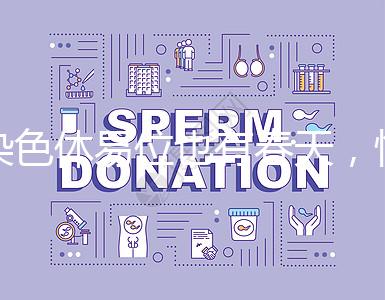 染色體易位也有春天，懷孕生健康寶寶并非說(shuō)說(shuō)而已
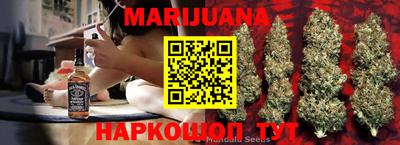 MESCALINE Мариинск
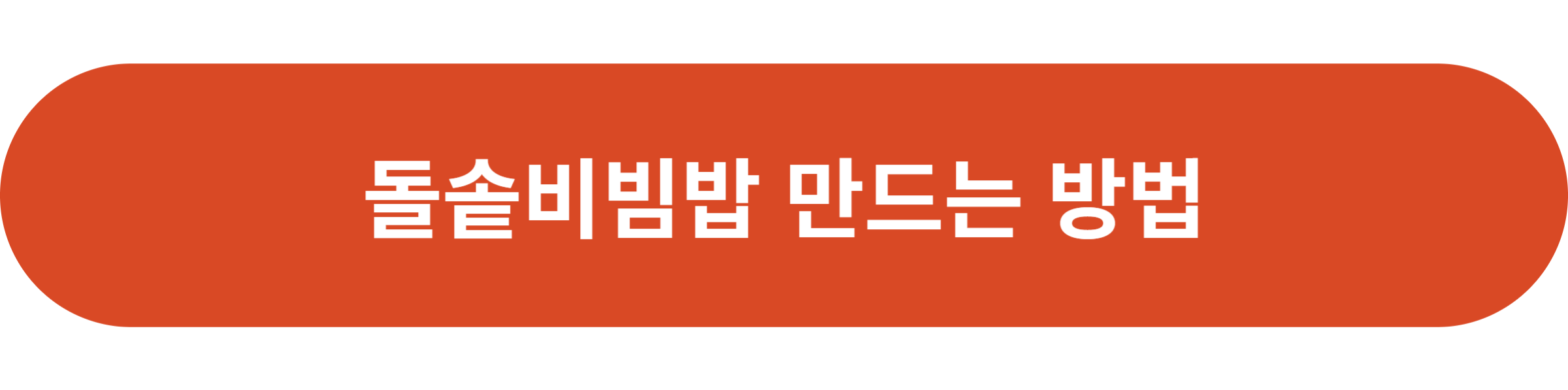 돌솥비빔밥 만드는 방법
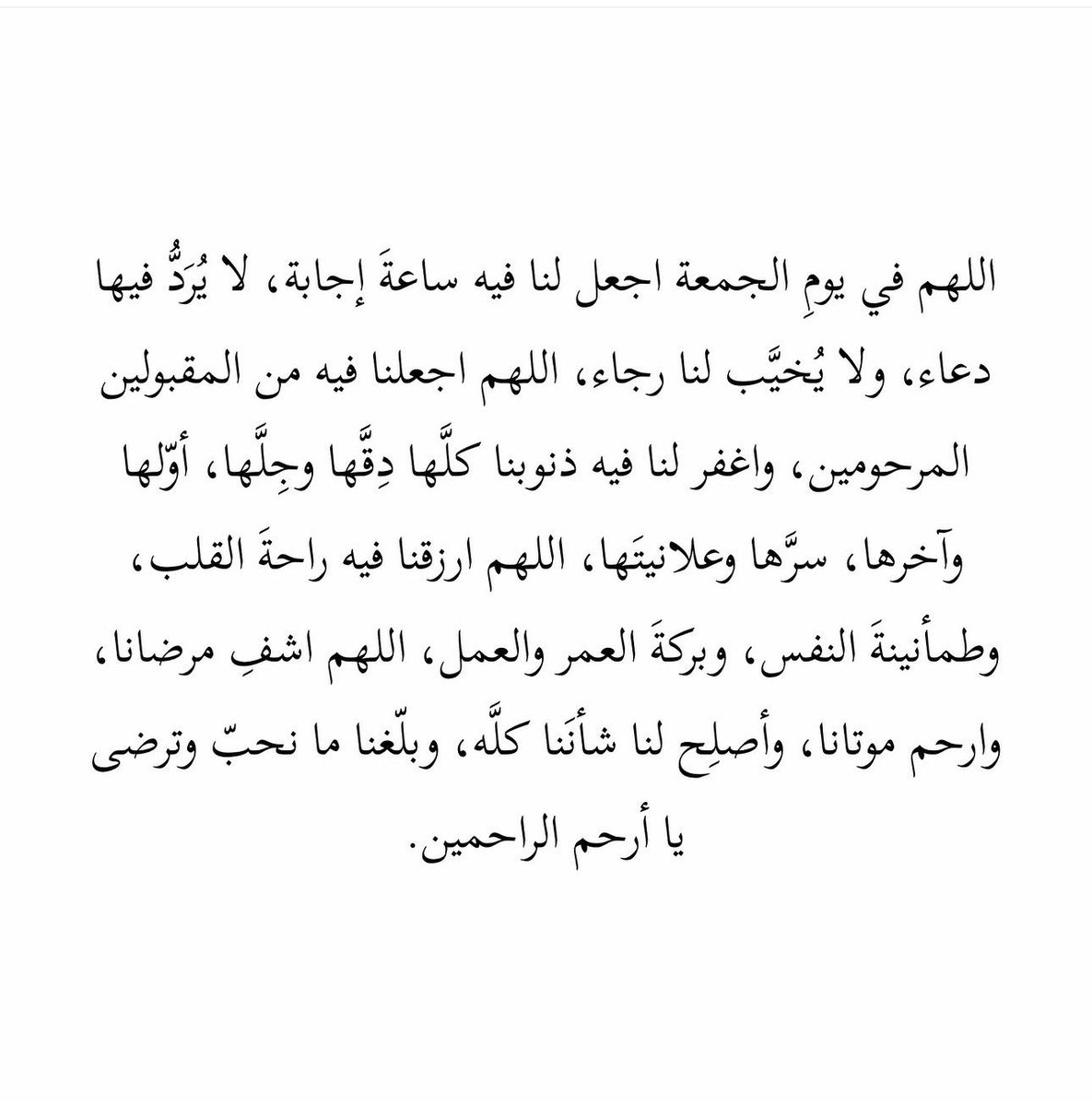 عمر tweet media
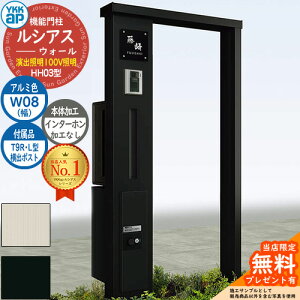 yTtz@\和 VAXEH[ HH03^ W08 oƖ^Cv(100VƖ) {́FA~F oFT9R(L)^|Xg VvIz{bNX2^ C^[zHȂ 和 |Xg YKKap UYA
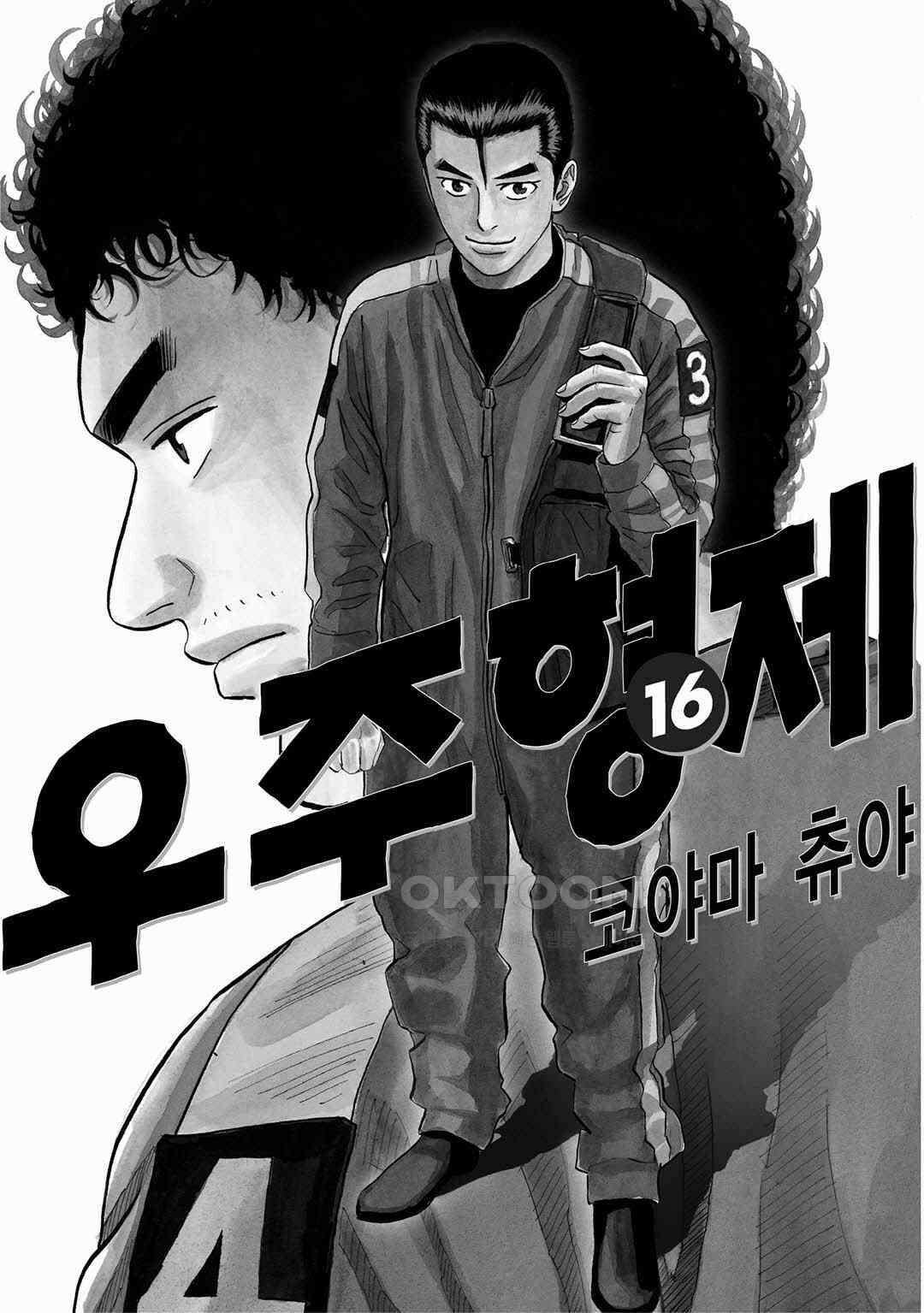 우주형제 152화 3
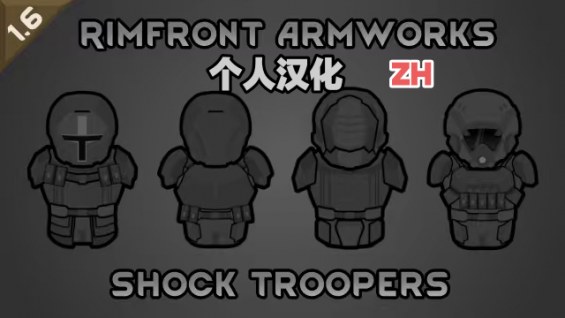 RimFront Armworks - Shock Troopers-个人汉化 1.6 - RimWorld Mod データベース MOD紹介 ...
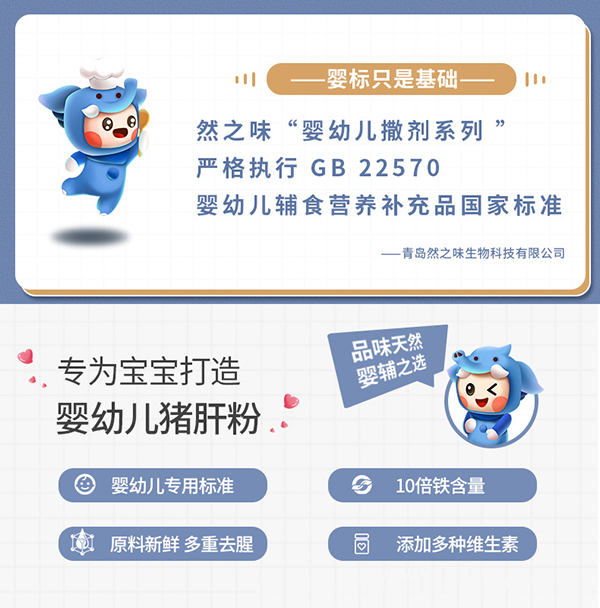 ���׃��i�η� (1)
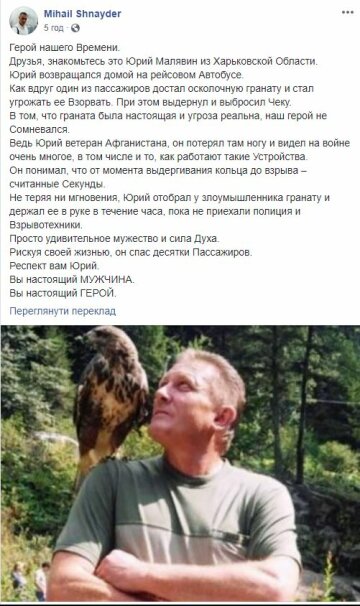 Публикация Михаила Шнайдера, Facebook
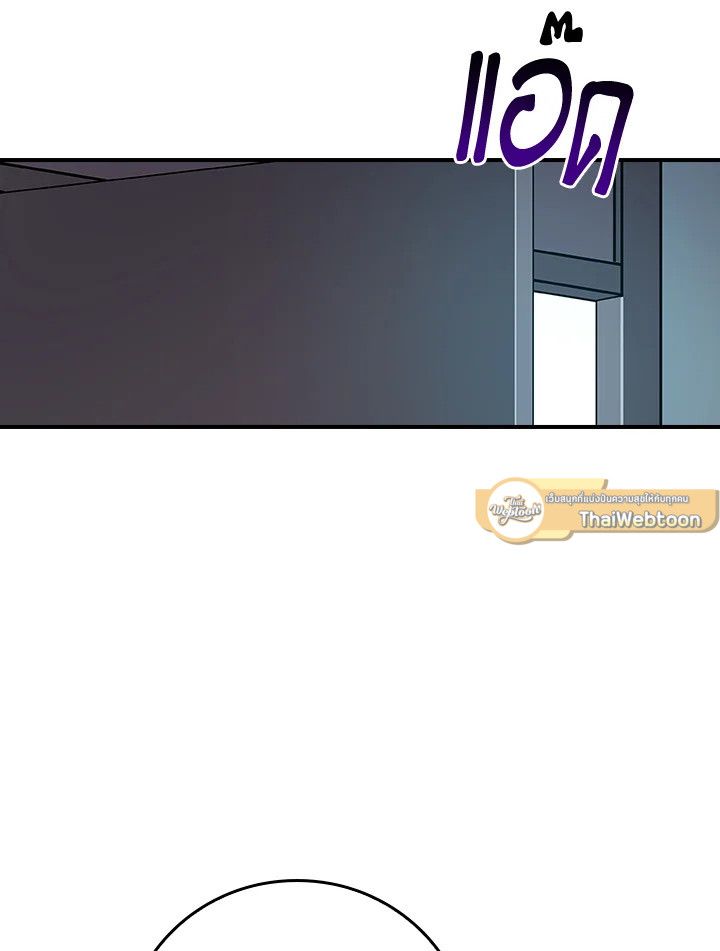 Grand Warlock Streamer ตอนที่ 122 67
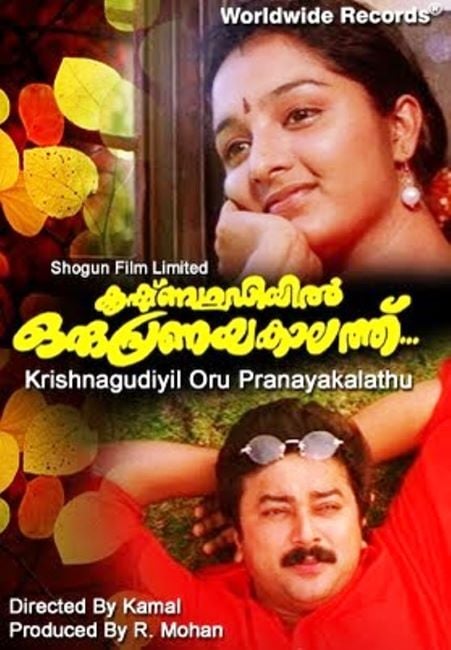 A poster of the Malayalam film Krishnagudiyil Oru Pranayakalathu (1997)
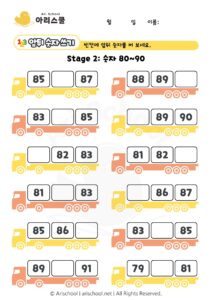 숫자 빈칸 채우기 9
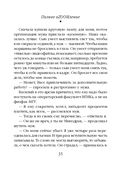 Полное оZOOMление — фото, картинка — 35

▬▬▬

Everything above from the line that has "yTtz@\和 VAXEH[ HH03^" down to the line that has "숫자 빈칸 채우기 9" should be output exactly, with both of those lines included. Leave the pictures behind.

 yTtz@\和 VAXEH[ HH03^ W08 oƖ^Cv(100VƖ) {́FA~F oFT9R(L)^|Xg VvIz{bNX2^ C^[zHȂ 和 |Xg YKKap UYA
 우주형제 152화 3
 RimFront Armworks - Shock Troopers-个人汉化 1.6 - RimWorld Mod データベース MOD紹介 ...
 ���׃��i�η� (1)
 Публикация Михаила Шнайдера, Facebook
 Grand Warlock Streamer ตอนที่ 122 67
 A poster of the Malayalam film Krishnagudiyil Oru Pranayakalathu (1997)
 숫자 빈칸 채우기 9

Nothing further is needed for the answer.